Shahnaz Nur Firdausi, a Researcher on Climate and Energy at IESR, highlighted that Indonesia’s climate policies and commitments do not align with the Paris Agreement’s objective of capping temperature rise at 1.5°C. The Climate Action Tracker (CAT) report underscores the insufficiency of Indonesia’s climate targets and policies. If other countries follow a similar path, global warming could exceed 2°C to 3°C.

“For this reason, Indonesia’s climate policies and actions in 2030 require substantial improvements in line with a temperature limit of 1.5°C. Indonesia should elevate the NDC target to 75% under the NDC business-as-usual (BAU) scenario, excluding land use and land use change and forestry (conditional), and 62% (unconditional).
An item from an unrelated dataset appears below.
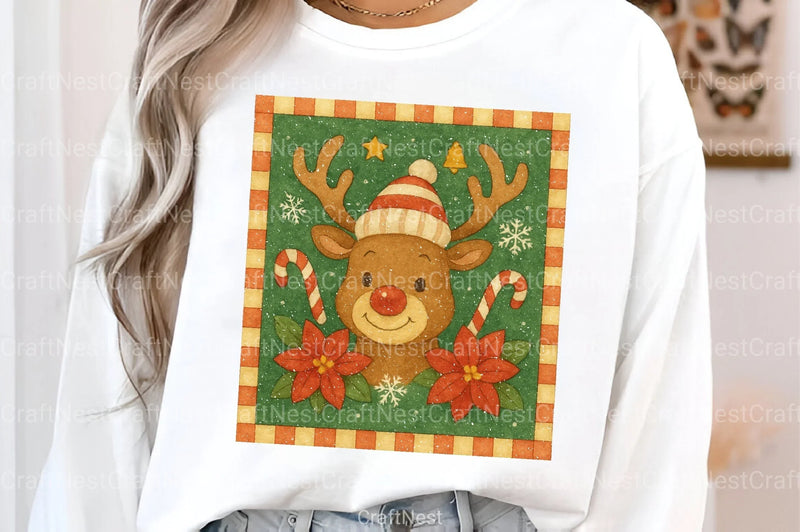 Vintage Christmas Reindeer Clipart Bundle - CraftNest - Digital Crafting and Art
Furthermore, Indonesia’s land use and forestry emissions have accounted for nearly 50% of total emissions over the past two decades,” said Shahnaz.

In concluding remarks, Agus Tampubolon, the Project Manager of Clean, Affordable, and Secure Energy (CASE) for Southeast Asia, emphasized the significance of collaboration among ASEAN member countries to expedite the energy transition.

“Indonesia can serve as a model for the ASEAN region by spearheading the energy transition. ASEAN countries possess tremendous potential for joint efforts in advancing solar PV technologies and crafting policies that facilitate the shift from fossil fuels to renewable energy, thereby amplifying climate targets,” Agus affirmed.